Showing posts with label Prof Terry Eagleton. Show all posts
Showing posts with label Prof Terry Eagleton. Show all posts

Tuesday, 29 July 2014

How to read literature by Terry Eagleton ( part 3) - Plot in Classical realism vs. modernism

"For classical realism, the world itself is story-shaped. In a lot of modernist fiction, by contrast, there is no order apart from what we ourselves construct. And since any such order is arbitrary, so are fictional openings and endings. There are no divinely ordained origins or natural closures. which is to say that there are no logical middles either. ...
"Some modernist works are thus sceptical of the while notions of narrative.
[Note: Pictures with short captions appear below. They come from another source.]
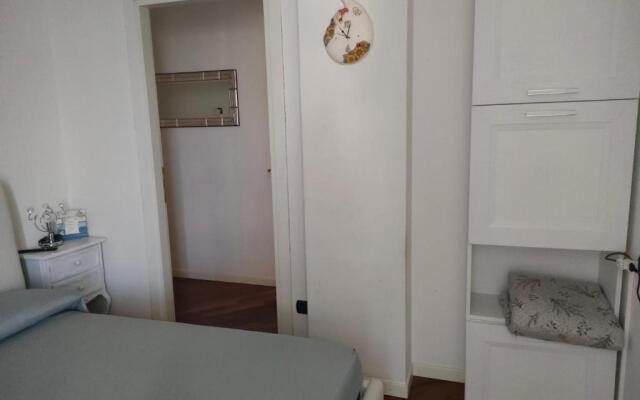 Appartamento a 5 minuti dal lungomare di Viareggio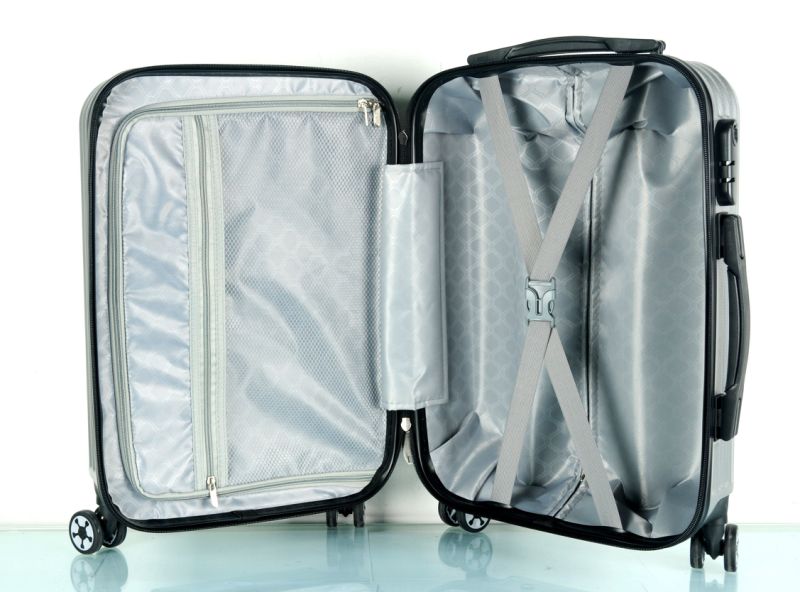 Wholesale Trolley Luggage Carry on Suitcase Travel Style Luggage Bag Set Cheap Luggage Price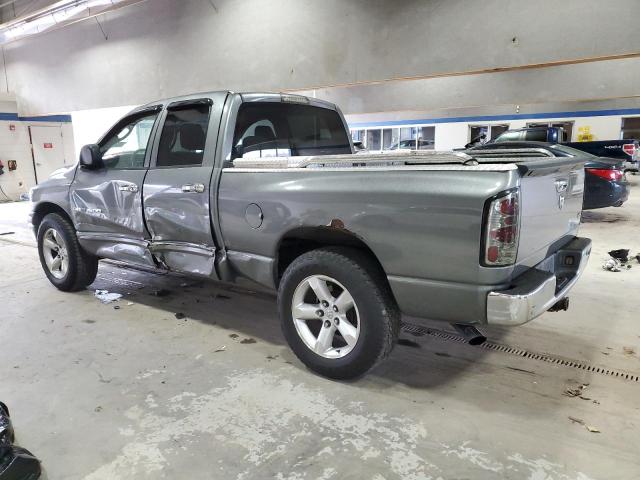 1D7HA18N46S686200 - 2006 DODGE RAM 1500 ST GRAY photo 2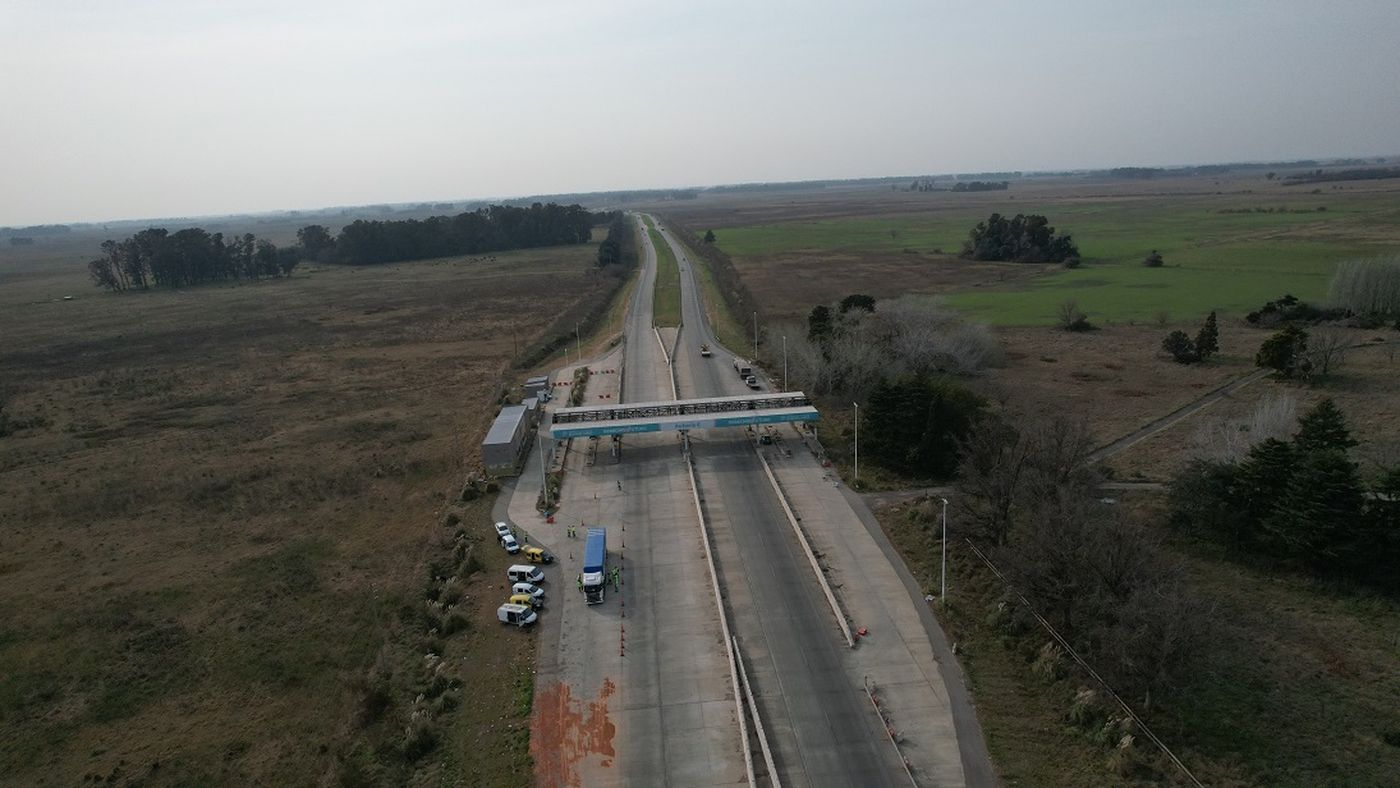 Vecinos de Arana alertan por posible reactivaci&oacute;n de la Ruta 6 sobre calle 630 y piden explicaciones al Concejo Deliberante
Narrative suggests that there is a shapeliness to the world, an orderly procession of causes and effects. It is sometimes (though by no means always) bound up with a faith in progress, the power of reason and the forward march of humanity. It would not be too fanciful to claim that narrative of this classical kind fell to pieces on the battlefields of the First World War, an even which scarcely fostered a faith in human reason. It was around these years that the great modernist works were produced, from Ulysses and The Waste Land to Yeats's The Wild Swans at Coole and Lawrence's Women in Love. For the modernist mind, reality does not evolve in a tidy fashion. Event A may lead to event B, but it also leads to events C, D, E and countless others. it is the product of countless factors as well. Who is to decide which of these storylines should take priority? Whereas realism views the world as an unfolding, modernism test to see it as a text. The word "text" here is akin to "textile", meaning something spun of many interwoven threads. ...less a logical development than a tangled web... You cannot pinpoint where it begins or ends....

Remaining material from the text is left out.